Public concerns over levels of CEO pay – especially in the banking sector – have triggered a debate on both sides of the Atlantic. These worries are anything but unfounded, but solutions are too often being sought in the wrong places.
The State of Working America report released by the Washington-based Economic Policy Institute is telling. In 1965, the CEO pay was about 20 times higher than the average worker’s pay. By 2011 the CEO-worker pay ratio skyrocketed to 231. Even these figures conceal wider gaps that exist in household-name companies as calculated by a Bloomberg report. At the top of the list, the CEO of JCPenney earned 1765 times more than their average worker. How can we explain this gap between CEO and workers’ pay?
A study by Bruce Western (Harvard) and Jake Rosenfeld (Washington) confirmed that the single most important factor accounting for the rising pay inequality is the decline of trade unions' power. This explanation echoes one of the key messages in Thomas Piketty’s Capital in the Twenty-First Century. Apart from a redistributive tax system, unions' collective pay-setting kept wage inequalities in check for several years. But the unions’ bite at the workplace has been in steady decline since the 1980s and workers’ wages stagnated in most developed countries.
The demand-led growth models that raised standards of living have given way to credit-based growth and an unprecedented financialization of the economy. The virtuous circle was effectively replaced by a vicious cycle. Linking CEO pay with stocks exacerbated these trends. It shifted the focus of managers from long-term productive investments to short-term profitability that increases shareholder value. The pressing question is: how can we possibly fix the widening pay gap?
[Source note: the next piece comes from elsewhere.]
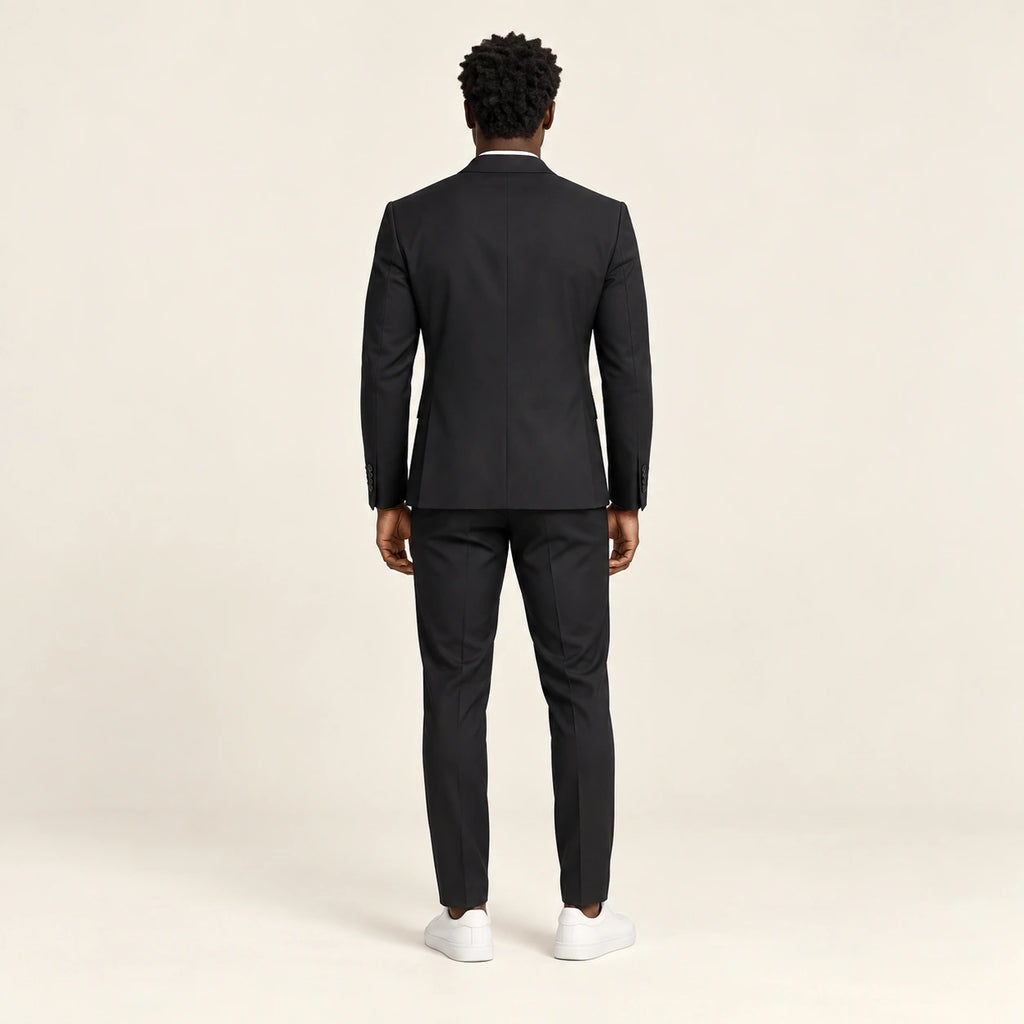 Costume slim à revers fins Noir — vue dos, mannequin ivaree-model-diversite-02, studio IVAREE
There are some emerging remedies in response to public concerns. The Dodd–Frank “Wall Street Reform” in the US required that listed companies publicise the CEO-worker pay-gap ratios in the hope that this might alert shareholders and investors if they are overpaying. Opponents raise the argument that restricting CEO pay might limit options in the global “war for talent”. But these concerns are exaggerated, there’s plenty of “talent” available under conditions of high unemployment. The US legislation has been held up by haggling over the details, and very few companies have disclosed their ratios. The federation of US labour unions tried to fill in the blind spots and increase public awareness by publicizing CEO pay by state, but more is needed to crack this problem.
Swiss trade unions went a step further. They campaigned in favour of a proposal to cap executive pay at 12 times the wage of a firm’s lowest earner. This proved to be overly ambitious. Rather than imposing a legislated cap, a more “light touch” approach was favoured by Swiss citizens in a referendum that imposed controls on executive pay and forced public companies to give shareholders a binding vote on compensation.
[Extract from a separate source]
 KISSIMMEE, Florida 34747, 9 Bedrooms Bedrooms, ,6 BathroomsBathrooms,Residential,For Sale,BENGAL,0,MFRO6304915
Shareholders may have good reasons to put a lid on CEO pay. A recent report from the London-based High Pay Centre suggests that unequal workplaces suffer more industrial disputes, more work-related stress and higher staff turnover than more equitable employers. This is certainly not surprising, since large disparities in pay are likely to undermine the feelings of distributive justice, and eventually undermine company performance.
In the same vein, the European Commission in Brussels is drafting a proposal of EU regulations requiring that the European Union’s 10,000 listed companies reveal their pay ratios and allow shareholders to vote on whether they are appropriate. Enabling shareholders to tame the excess of CEO pay may go some way towards halting the trend. But, frankly, more drastic solutions are needed to reverse it.
Although shareholders may be interested in avoiding excess, at the end of the day, those who are affected by the inequity are the workers themselves. Reversing the pay gap would require drastic empowerment of workers; either through shared ownership or through shared decision-making. Modern models of industrial democracy appear promising. In a policy brief at the LSE’s Centre for Economic Performance, Alex Bryson (NIESR) and Richard Freeman (Harvard) presented evidence that “shared capitalism” models are not only favourable for workers' pay, but also make good economic sense. On top of good performance, workplaces that have some form of institutionalised profit sharing or shared-ownership schemes are also renowned for low pay inequality.
Another drastic way to fix the pay gap would involve employees in management decision-making. Germany’s dual supervisory boards offer such a real world example. Workers’ representatives are involved in decision-making and may co-determine, or veto, important decisions affecting the workforce. Rather than imposing rigid legislated caps on executive pay, it might make more sense to institutionalize workers’ co-determination rights, including the right to approve CEO pay. In this case, CEOs will not only be accountable to shareholders, but also to another important stakeholder, the workers. This additional layer of accountability is likely to fix a pay gap that has gone too far.